▶ _WHAT YOU HAVE TO DO_: All that is wanted is the lines from the first line of the listing below through the line containing "Hey, welcome back.", written out exactly with pictures left out.
*** Block opens ***
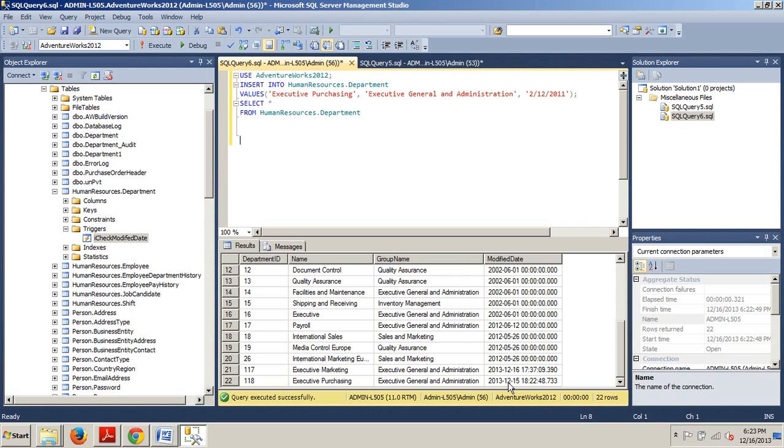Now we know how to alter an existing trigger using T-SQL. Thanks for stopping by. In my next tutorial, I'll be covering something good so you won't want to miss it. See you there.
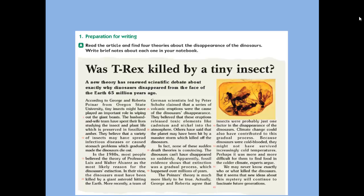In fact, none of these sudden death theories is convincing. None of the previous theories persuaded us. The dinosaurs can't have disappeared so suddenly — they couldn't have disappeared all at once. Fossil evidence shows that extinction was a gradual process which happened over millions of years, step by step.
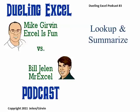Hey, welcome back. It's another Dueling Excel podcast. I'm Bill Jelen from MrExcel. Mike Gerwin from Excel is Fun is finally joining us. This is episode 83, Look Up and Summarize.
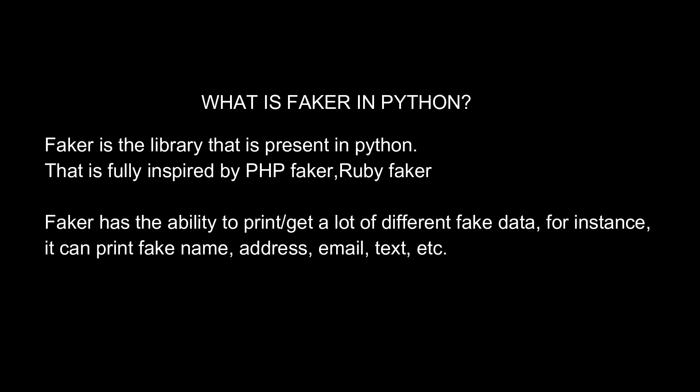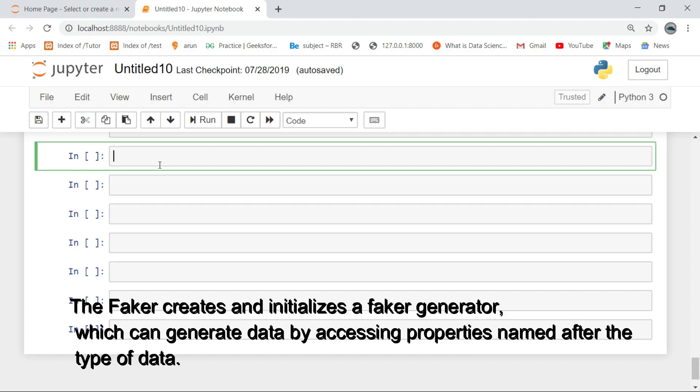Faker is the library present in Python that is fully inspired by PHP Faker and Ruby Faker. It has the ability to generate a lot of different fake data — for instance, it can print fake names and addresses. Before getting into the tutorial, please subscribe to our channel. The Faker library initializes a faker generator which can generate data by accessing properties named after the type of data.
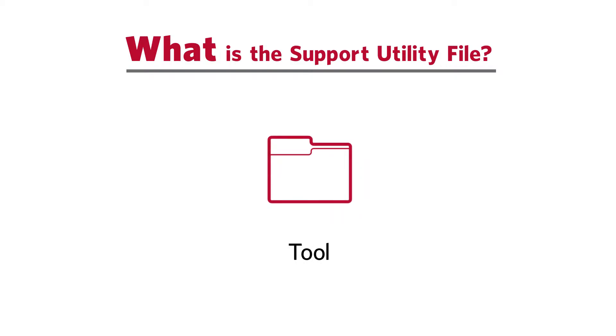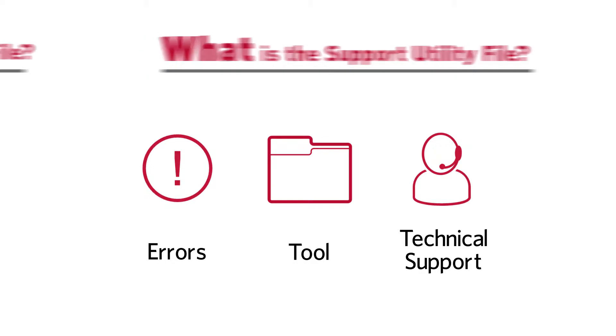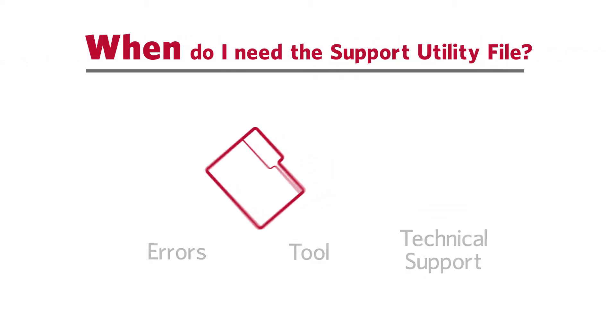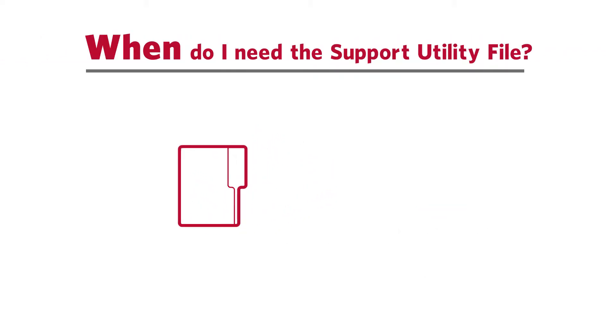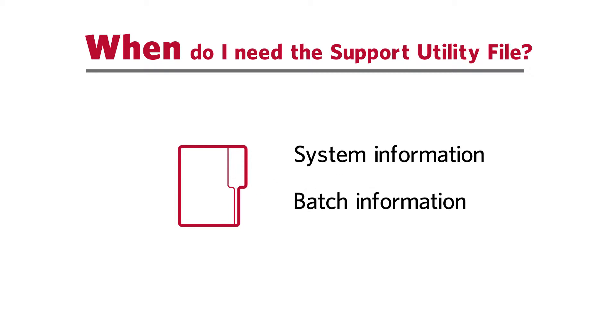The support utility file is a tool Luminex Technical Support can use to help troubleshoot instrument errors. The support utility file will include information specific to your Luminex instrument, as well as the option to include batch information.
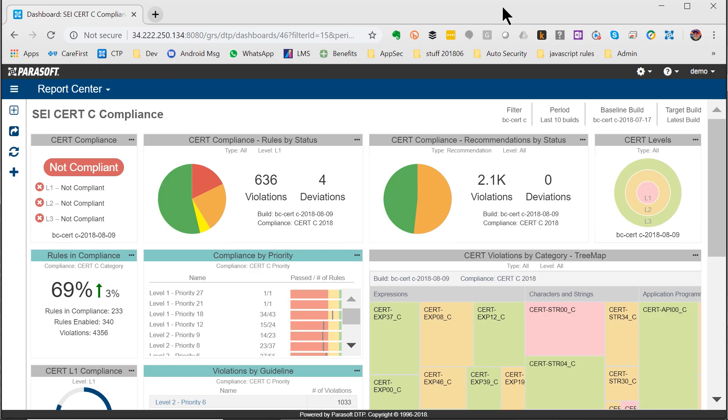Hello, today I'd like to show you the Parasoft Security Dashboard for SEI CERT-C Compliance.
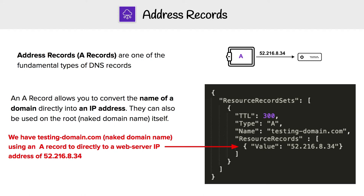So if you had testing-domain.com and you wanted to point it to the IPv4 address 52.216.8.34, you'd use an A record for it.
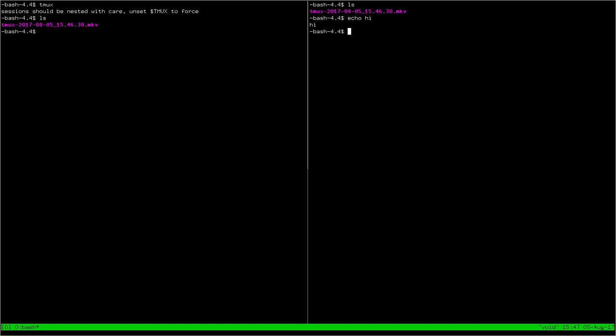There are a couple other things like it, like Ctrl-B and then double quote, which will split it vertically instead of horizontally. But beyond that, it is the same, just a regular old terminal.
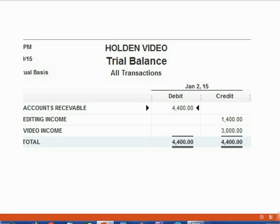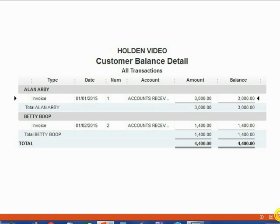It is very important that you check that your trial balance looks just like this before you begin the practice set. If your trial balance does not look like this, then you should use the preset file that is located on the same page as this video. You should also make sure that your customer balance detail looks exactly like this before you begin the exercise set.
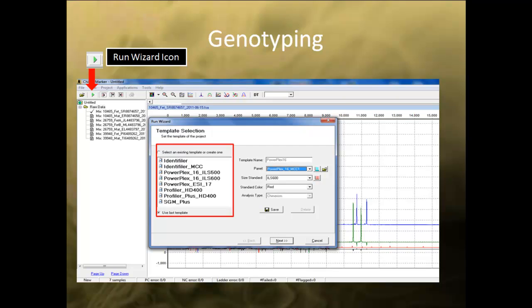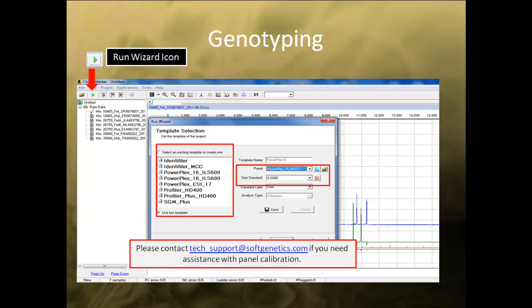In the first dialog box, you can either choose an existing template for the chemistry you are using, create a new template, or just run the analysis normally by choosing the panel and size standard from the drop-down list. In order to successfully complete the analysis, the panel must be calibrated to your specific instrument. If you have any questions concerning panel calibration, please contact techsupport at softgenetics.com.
*** Block closes ***
▶ _RESULT OF THE TASK_:
Now we know how to alter an existing trigger using T-SQL. Thanks for stopping by. In my next tutorial, I'll be covering something good so you won't want to miss it. See you there.
In fact, none of these sudden death theories is convincing. None of the previous theories persuaded us. The dinosaurs can't have disappeared so suddenly — they couldn't have disappeared all at once. Fossil evidence shows that extinction was a gradual process which happened over millions of years, step by step.
Hey, welcome back. It's another Dueling Excel podcast. I'm Bill Jelen from MrExcel. Mike Gerwin from Excel is Fun is finally joining us. This is episode 83, Look Up and Summarize.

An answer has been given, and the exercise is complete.